Tips for Coping with Grief

  1. Do not grieve alone It’s vital that you stay connected with others during this time. Share your grief with others who can relate. Work through your difficult emotions in a safe setting.
  2. Take good care of yourself It can be easy to forget about our own needs when grieving. Eat, sleep, and exercise to avoid adding physical fatigue to your emotional fatigue. Be patient with yourself and allow yourself to feel whatever you feel. let your friends and family know you’ll need extra support
  3. Seek professional grief counselling Not everyone will need the services of a counsellor or therapist during their grieving period, but it can be very helpful for those who are really struggling. A qualified professional can help you understand the grief process and give you the tools you need to cope with your emotions.

Counselling For Depression

Depression is a common mental disorder. It involves a depressed mood or loss of pleasure or interest in activities for long periods of time. Depression is different from regular mood changes and feelings about everyday life. It can affect all aspects of life, including relationships with family, friends and community.
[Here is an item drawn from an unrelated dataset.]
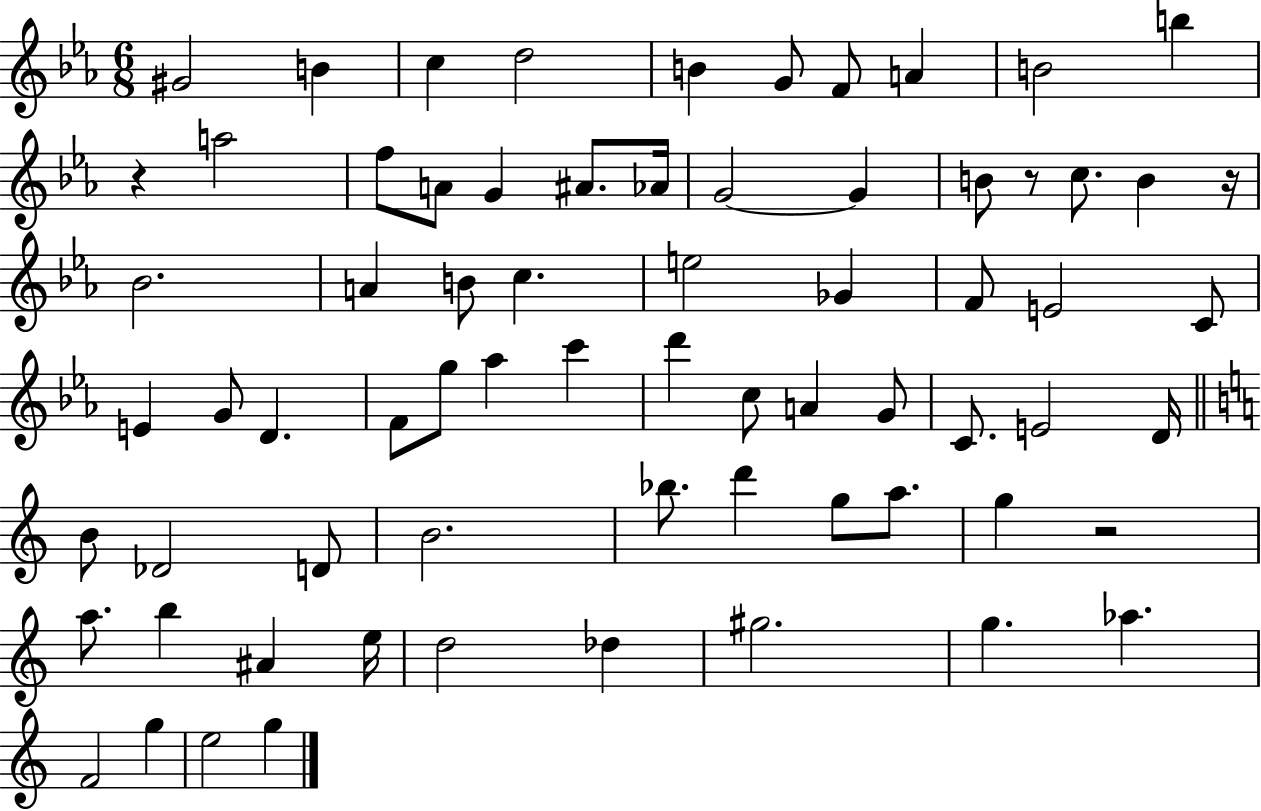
G#4/h B4/q C5/q D5/h B4/q G4/e F4/e A4/q B4/h B5/q R/q A5/h F5/e A4/e G4/q A#4/e. Ab4/s G4/h G4/q B4/e R/e C5/e. B4/q R/s Bb4/h. A4/q B4/e C5/q. E5/h Gb4/q F4/e E4/h C4/e E4/q G4/e D4/q. F4/e G5/e Ab5/q C6/q D6/q C5/e A4/q G4/e C4/e. E4/h D4/s B4/e Db4/h D4/e B4/h. Bb5/e. D6/q G5/e A5/e. G5/q R/h A5/e. B5/q A#4/q E5/s D5/h Db5/q G#5/h. G5/q. Ab5/q. F4/h G5/q E5/h G5/q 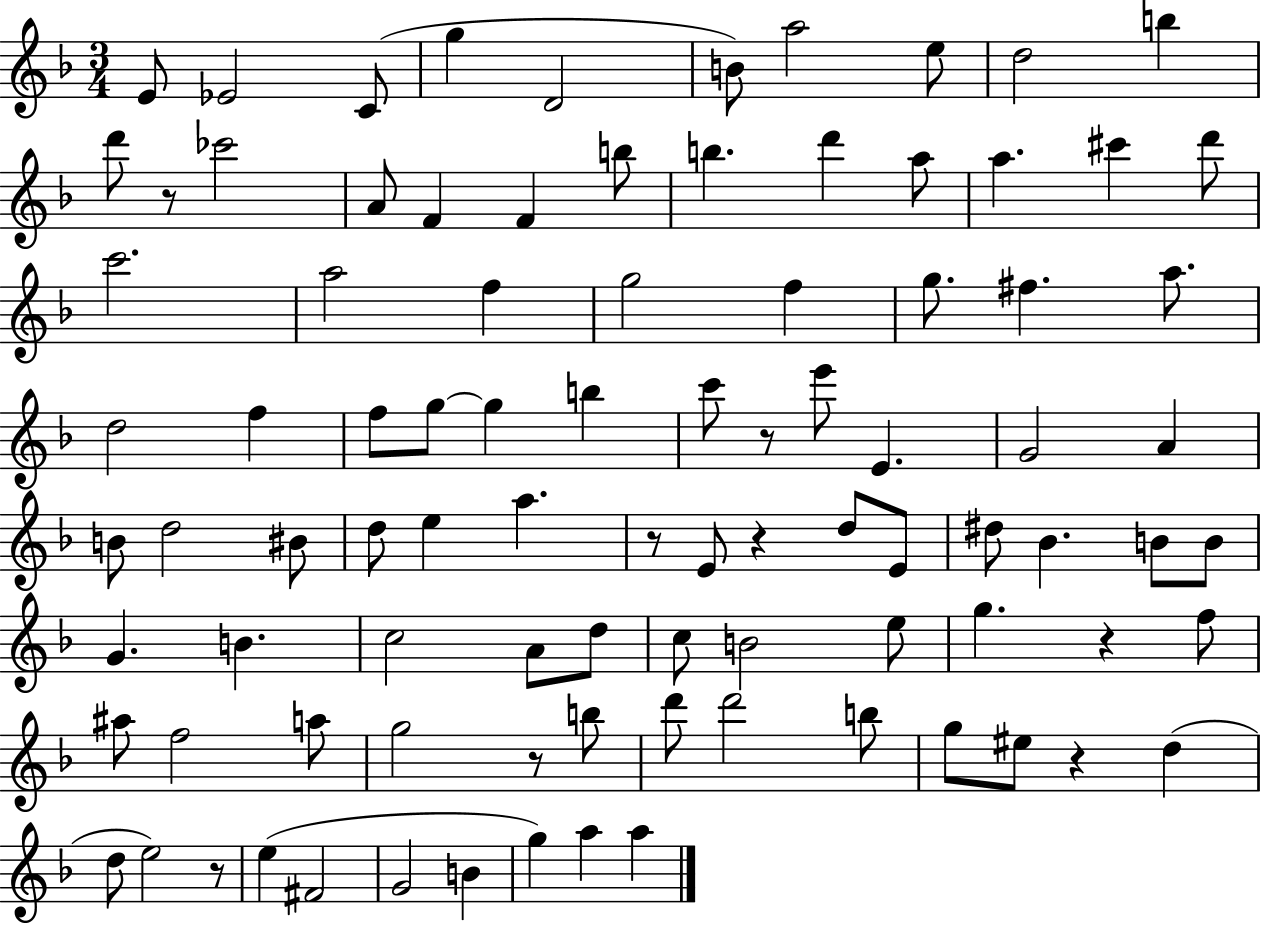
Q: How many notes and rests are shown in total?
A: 92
You may have trouble doing normal day-to-day activities, and sometimes you may feel as if life isn't worth living. More than just a bout of the blues, depression isn't a weakness and you can't simply "snap out" of it. Depression may require long-term treatment. But don't get discouraged. Most people with depression feel better with medication, psychotherapy or both.


Psychotherapy can help people with depression to:

  • Pinpoint life events that contribute to their depression and help them find ways to change, accept or adapt to those situations
  • Set realistic goals for the future
  • Identify distorted thought processes or unhelpful behaviours that contribute to feelings of hopelessness and helplessness
  • Develop skills to cope with symptoms and problems, and identify or prevent future episodes of depression

Anxiety Therapy

Anxiety is a common human experience, our body’s natural response to stress. Anxiety is often described as a feeling of fear or unease and it’s something everyone experiences at times. A certain level of anxiety is normal. It helps us to avoid dangerous situations and makes us alert and motivated to deal with problems.

Anxiety becomes a mental health disorder when it occurs regularly and at any time, and produces prolonged symptoms of stress that affects a person’s quality of life. If a person responds with anxiety to events or threats that do not pose a realistic danger, the condition can enter a cycle where everything becomes a potential crisis. In these situations, the person becomes incapable of functioning normally in daily life.

The way people think influences the way they approach demanding, stressful events, and the way they react when facing these situations. For people experiencing anxiety, this thinking is often characterised by negative thoughts that can develop into a cycle that is difficult to break out of.
To effectively manage anxiety, it's essential to understand why it occurs in the first place. It can have multiple causes, and pinpointing them can be the first step toward finding relief.


Our past experiences can put fear on us with messages that what happened before might happen again, so your fear is that the same thing will happen again leading you to feel really anxious. In reality although this has happened before the present situation might be different situation and different time in your life. The likelihood of this happening again in the exact same way is very low. Your brain doesn't know this unless you tell it! Remind yourself of the reality rather than listening to the anxious thoughts that plague you. It takes practice and time to rebuild this relationship with your anxious mind. The more we run away from anxiety, the worse it gets. In order to live our lives more freely we have to face our fear.
We cannot control our thoughts coming into our minds, but we can control how we choose to respond to them, looking at 'why' the same anxious thoughts are reoccurring and dominating your life. Some days will be harder than others but knowing that you have some support can go a long way to helping you overcome anxiety.